• What this task involves
At the line containing "ГДЗ Хімія 10 клас сторінка Стр.125 (24)", begin an exact copy of the lines below and continue through the final one, with no pictures.

• Recorded information
-*-*-
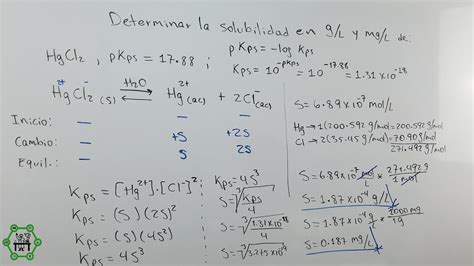 Solubilidad En G L Y Mg L A Partir De Kps Constante Del Producto De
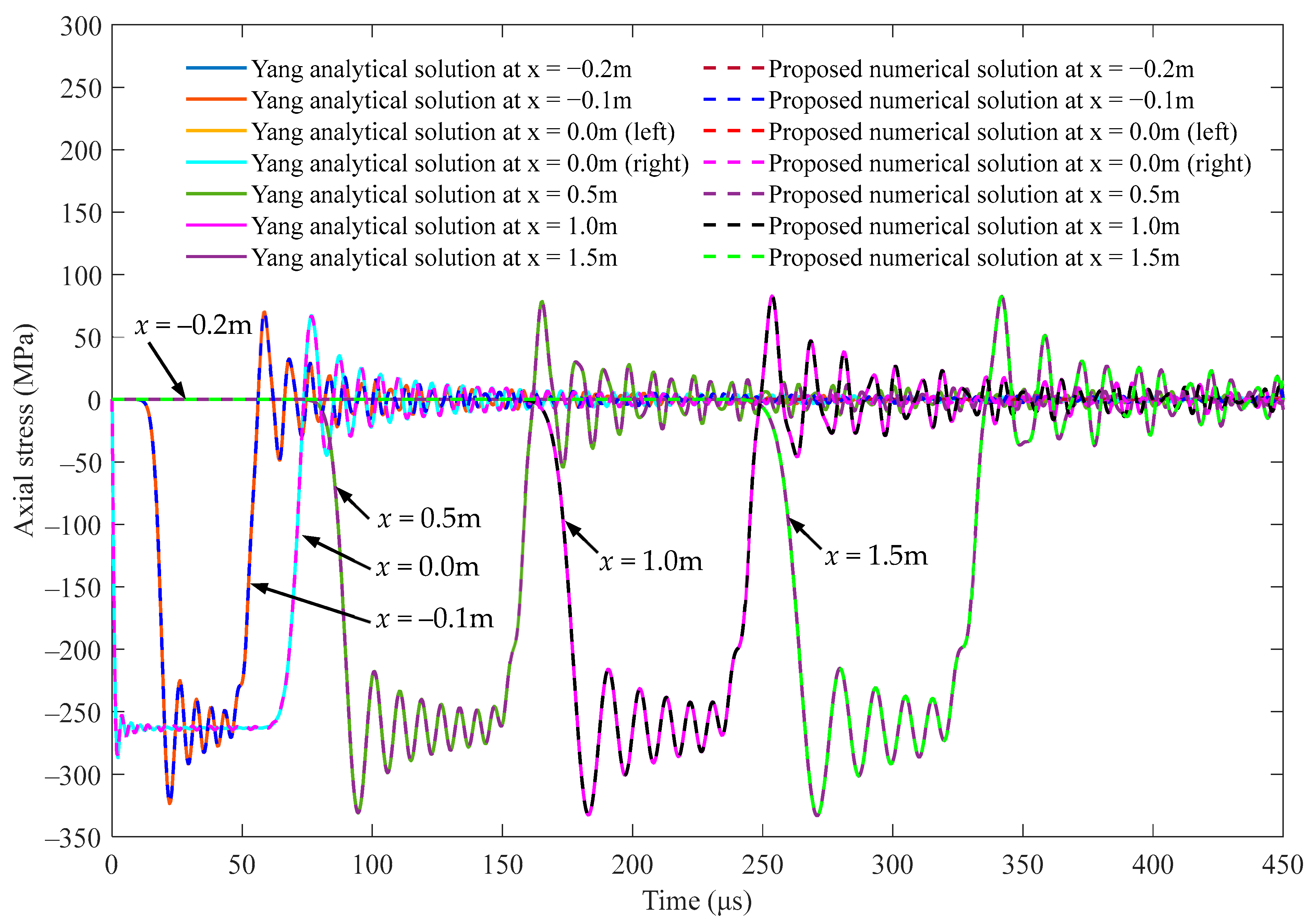Applsci 14 06523 g008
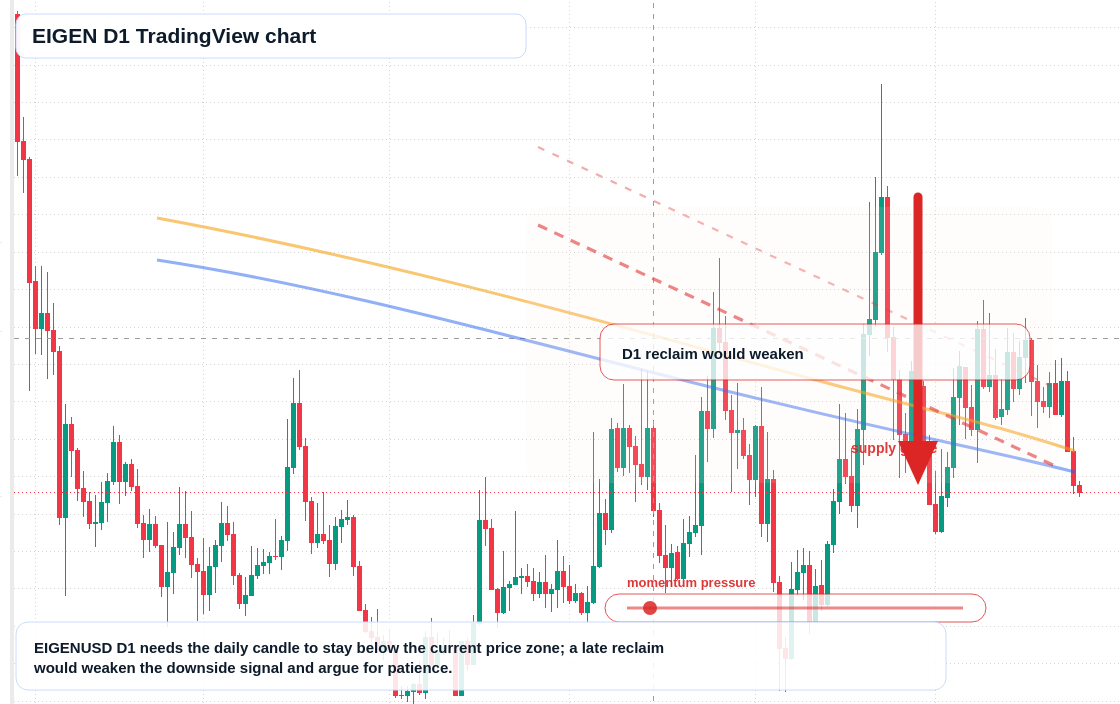 EIGEN D1 candlestick chart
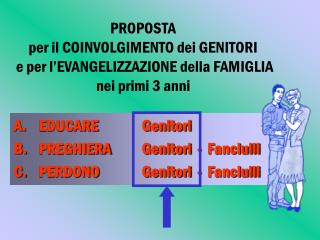 EDUCARE		Genitori PREGHIERA	Genitori - Fanciulli PERDONO	 	Genitori - Fanciulli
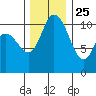 Tracyton tide chart for Monday, November 25, 2024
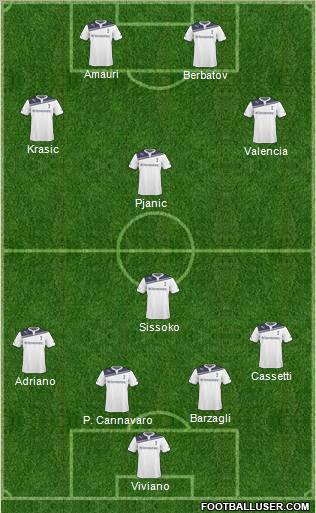 Tottenham Hotspur Formation 2011
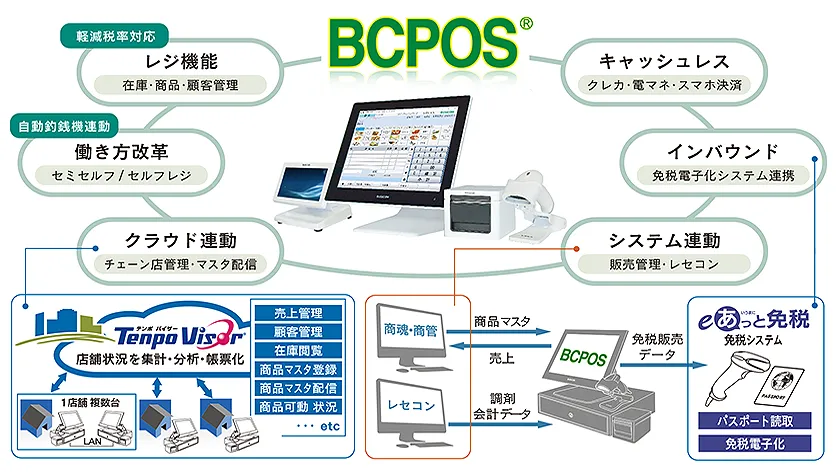 システム概要図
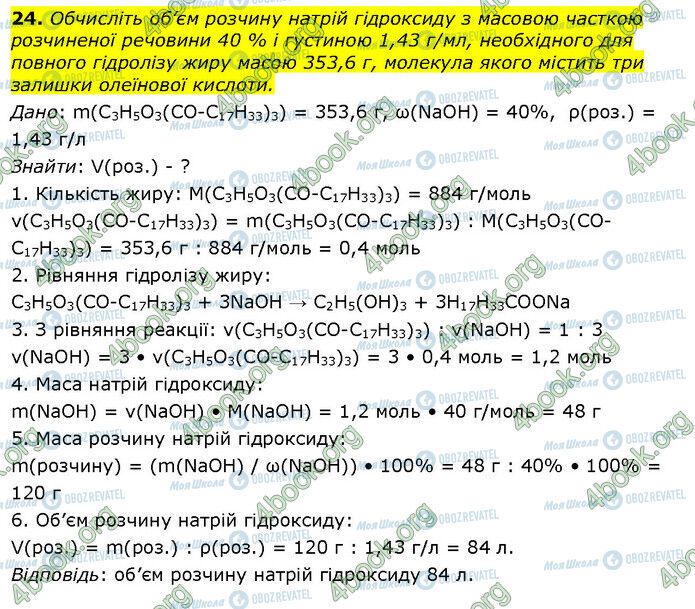 ГДЗ Хімія 10 клас сторінка Стр.125 (24)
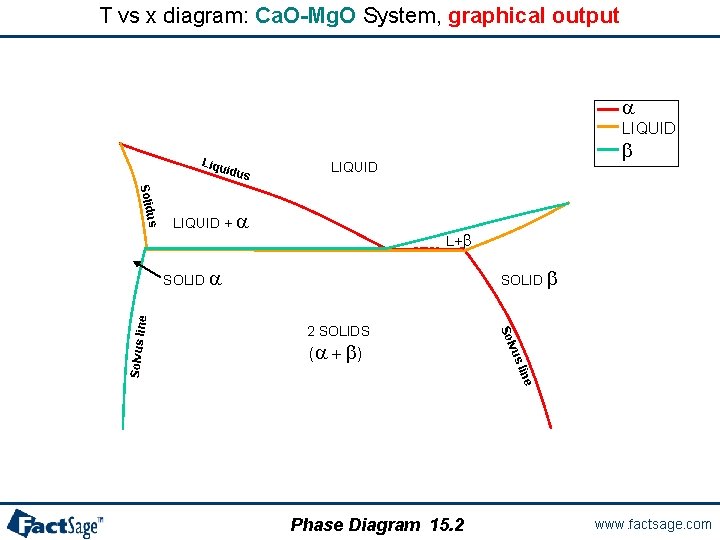 T vs x diagram: Ca. O-Mg. O System, graphical output a LIQUID Liqu idus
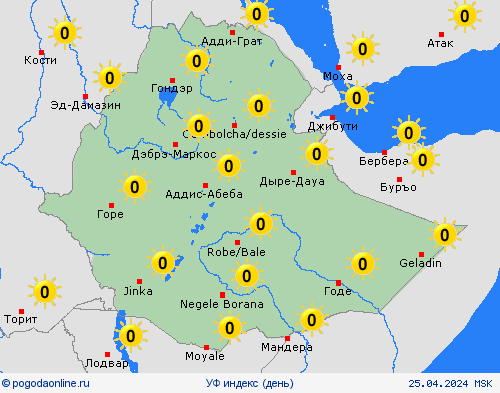 УФ индекс Эфиопия Африка пргностические карты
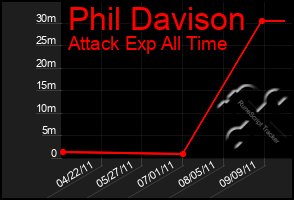 Total Graph of Phil Davison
-*-*-
• Response for this exercise
 ГДЗ Хімія 10 клас сторінка Стр.125 (24)
 T vs x diagram: Ca. O-Mg. O System, graphical output a LIQUID Liqu idus
 УФ индекс Эфиопия Африка пргностические карты
 Total Graph of Phil Davison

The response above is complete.